• _THE TASK_: An exact repetition of the data is required; no picture should appear in it.

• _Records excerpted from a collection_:

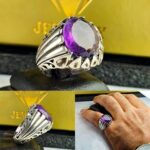 انگشتر آمیتیست اصل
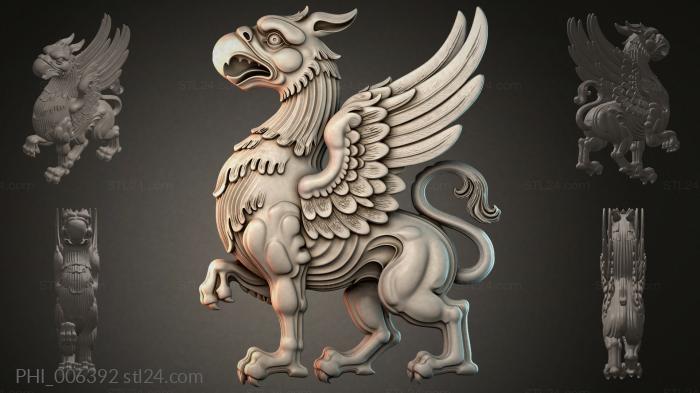 PHI_006392 3d STL model
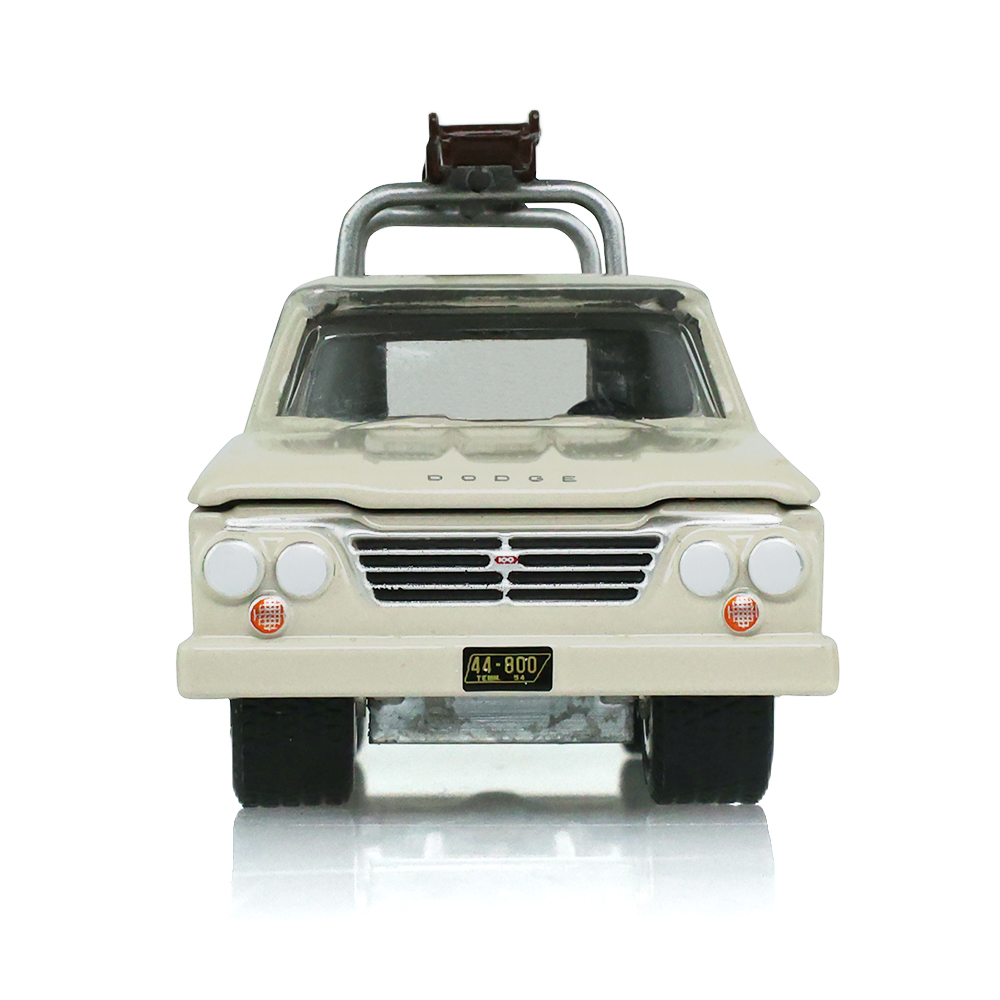 1963 Dodge D-100 with Ladder Rack - Sand Dune White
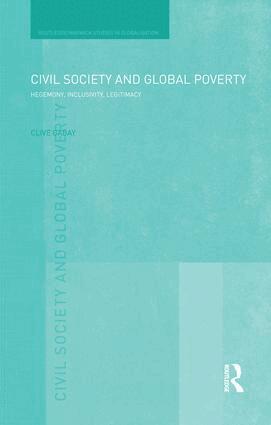 Clive Gabay - Civil Society and Global Poverty, Häftad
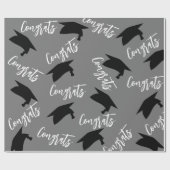 卒業 ラッピングペーパー (フラット)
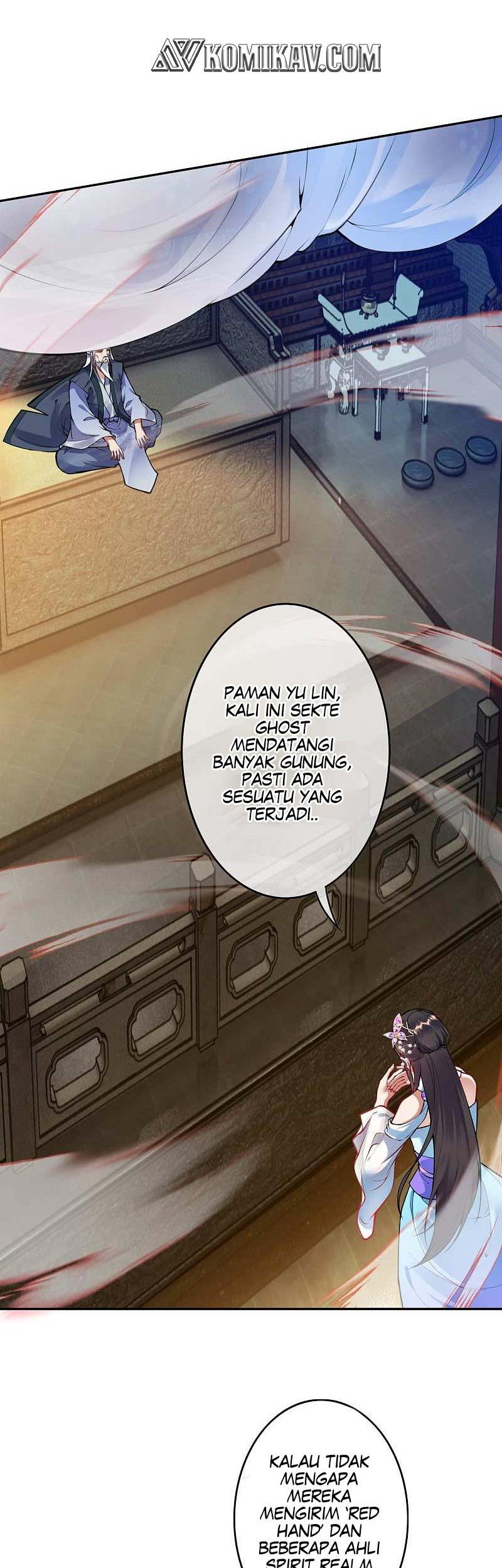 Invincible Sword Domain Chapter 50 - halaman 6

• _YOUR SOLUTION_:
 انگشتر آمیتیست اصل
 PHI_006392 3d STL model
 1963 Dodge D-100 with Ladder Rack - Sand Dune White
 Clive Gabay - Civil Society and Global Poverty, Häftad
 卒業 ラッピングペーパー (フラット)
 Invincible Sword Domain Chapter 50 - halaman 6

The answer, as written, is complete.